A new white paper titled “Enzo’s Emergency Use Authorized AMPIPROBE® SARS-CoV-2 Test System” is currently available on its website at https://www.enzo.com/coronavirus, along with two previously published white papers detailing Enzo’s COVID-19 Product and Platform.About Enzo Biochem
Enzo Biochem is a pioneer in molecular diagnostics, leading the convergence of clinical laboratories, life sciences and intellectual property through the development of unique diagnostic platform technologies that provide numerous advantages over previous standards. A global company, Enzo Biochem utilizes cross-functional teams to develop and deploy products, systems and services that meet the ever-changing and rapidly growing needs of health care today and into the future. Underpinning Enzo Biochem’s products and technologies is a broad and deep intellectual property portfolio, with patent coverage across a number of key enabling technologies.

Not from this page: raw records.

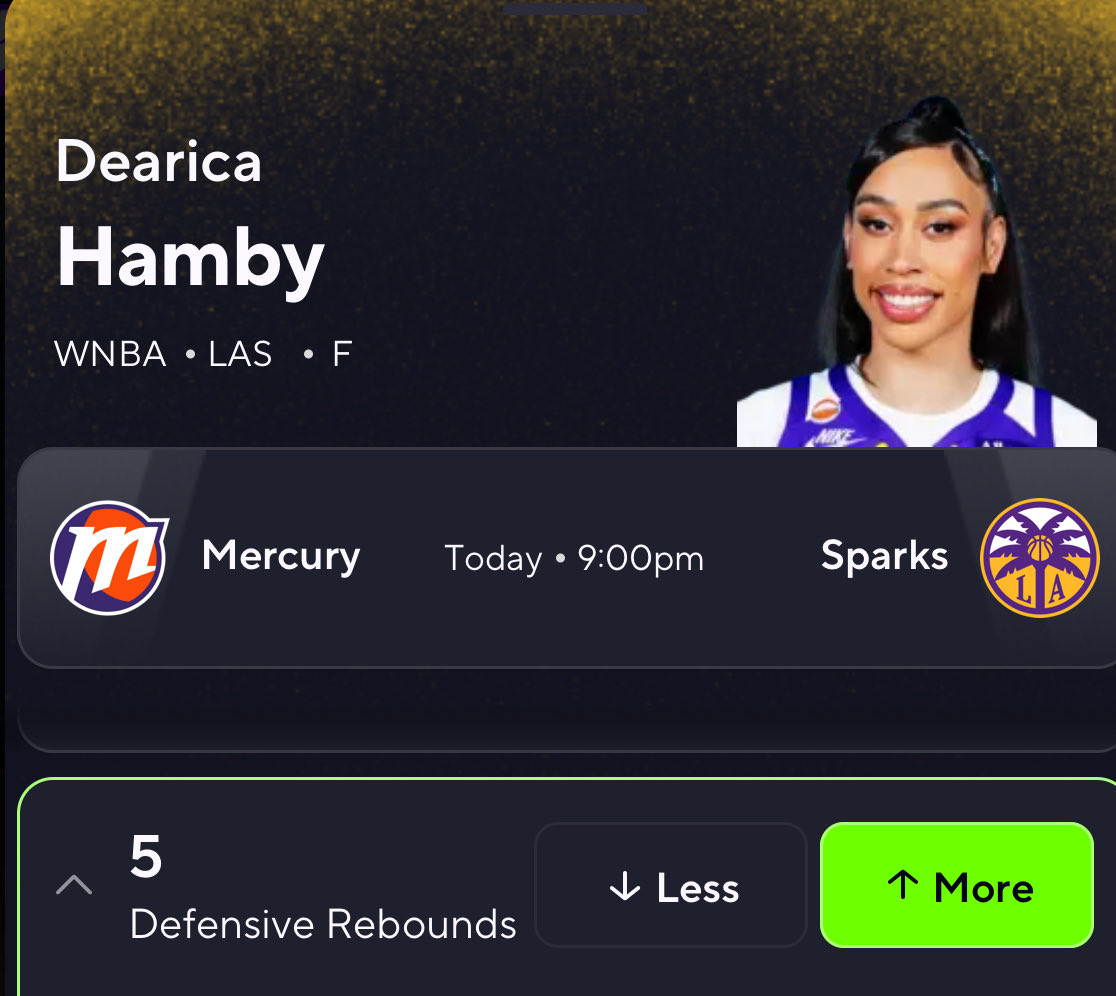 MLShephard's tweet photo. WNBA POTD⭐️⭐️⭐️

im going crazy today running multiple hambys at once https://t.co/pmzthiyhqZ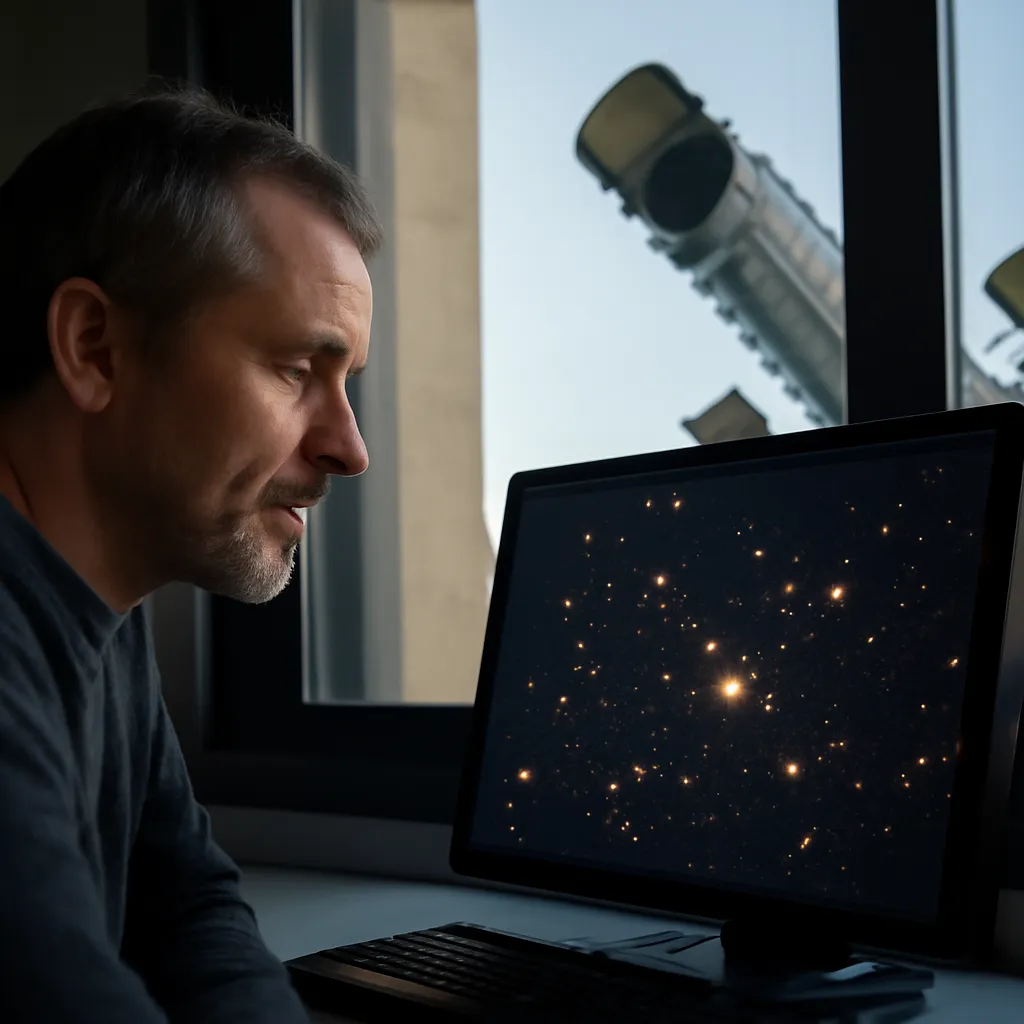 Astrónomos Detectan una Señal Misteriosa en el Espacio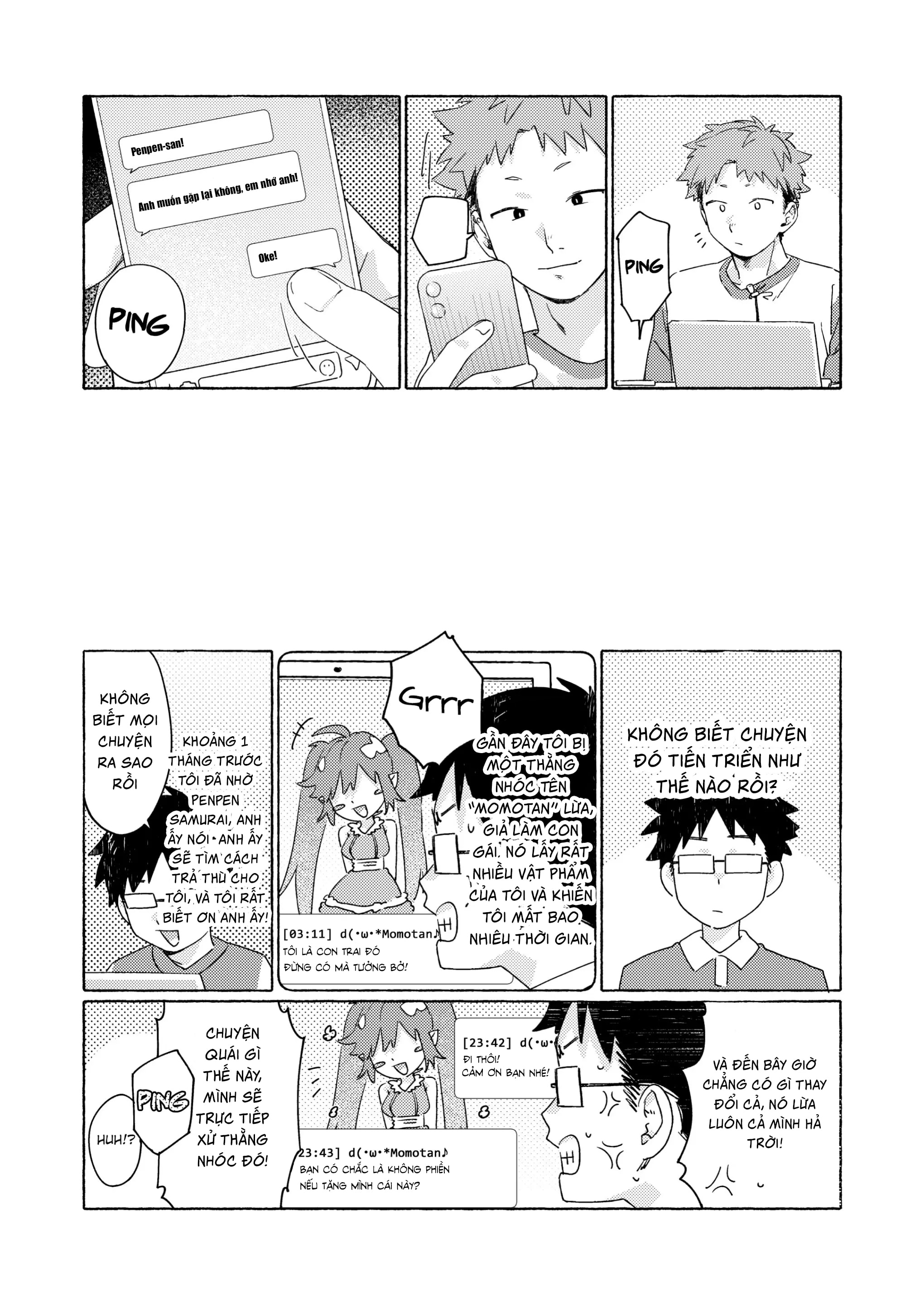 HentaiVN.net - Ảnh 59 - Hình Phạt Giành Cho Ritsu - Oneshot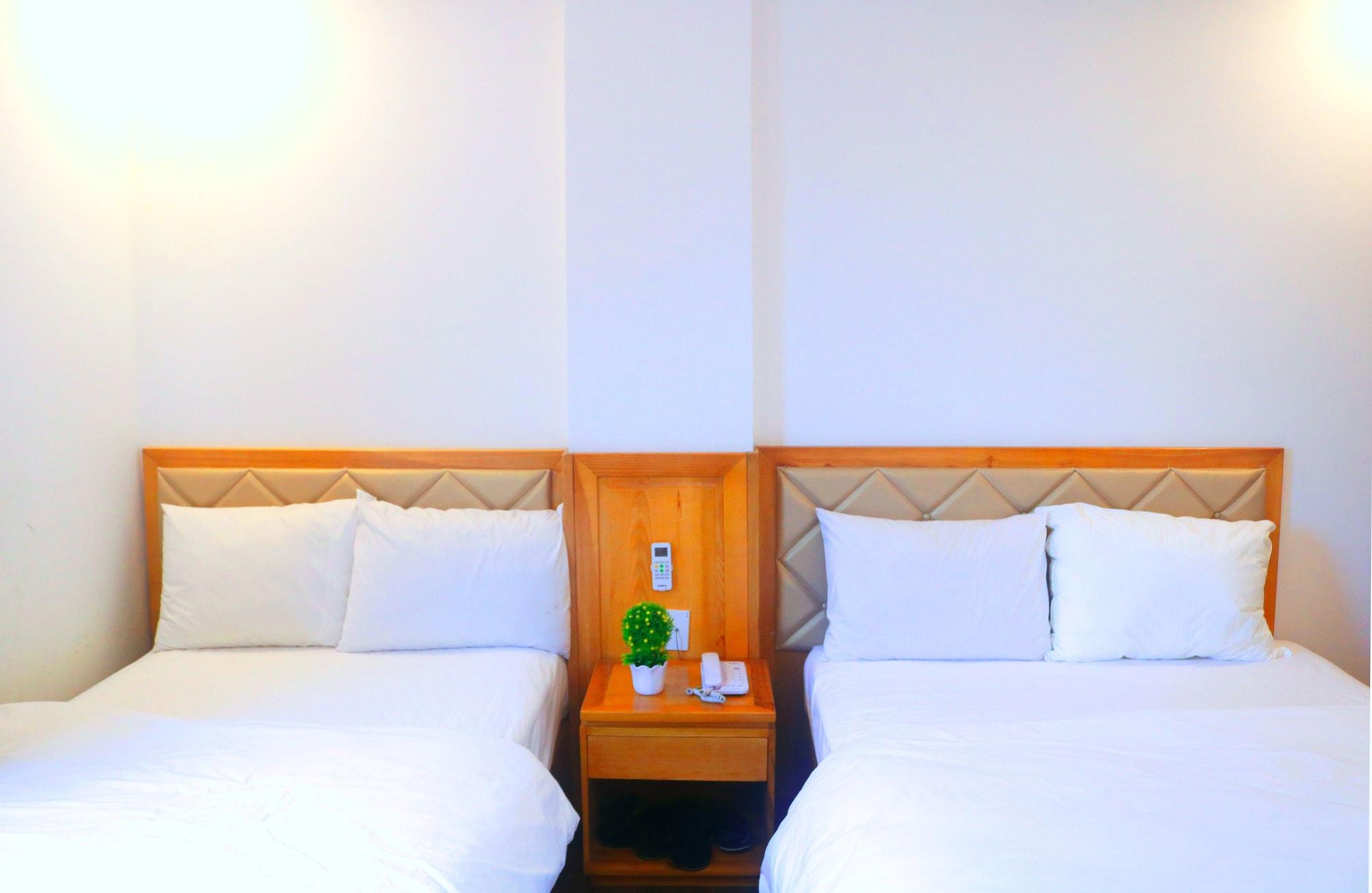 Hidden Hotel ดานัง ภายนอก รูปภาพ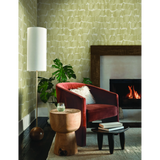 W4121.4 New Origins Gold Modern Wallpaper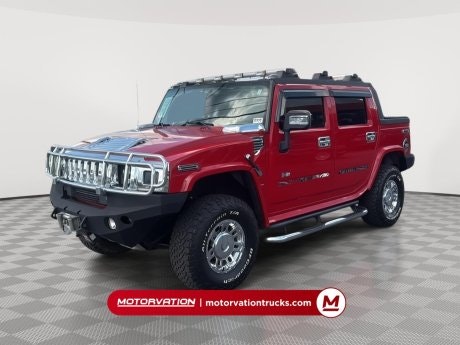 2007 Hummer H2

Except for historical information, the matters discussed in this release may be considered "forward-looking" statements within the meaning of Section 27A of the Securities Act of 1933, as amended and Section 21E of the Securities Exchange Act of 1934, as amended. Such statements include declarations regarding the intent, belief or current expectations of the Company and its management, including those related to cash flow, gross margins, revenues, and expenses which are dependent on a number of factors outside of the control of the Company including, inter alia, the markets for the Company’s products and services, costs of goods and services, other expenses, government regulations, litigation, and general business conditions. See Risk Factors in the Company’s Form 10-K for the fiscal year ended July 31, 2019. Investors are cautioned that any such forward-looking statements are not guarantees of future performance and involve a number of risks and uncertainties that could materially affect actual results. The Company disclaims any obligations to update any forward-looking statement as a result of developments occurring after the date of this release.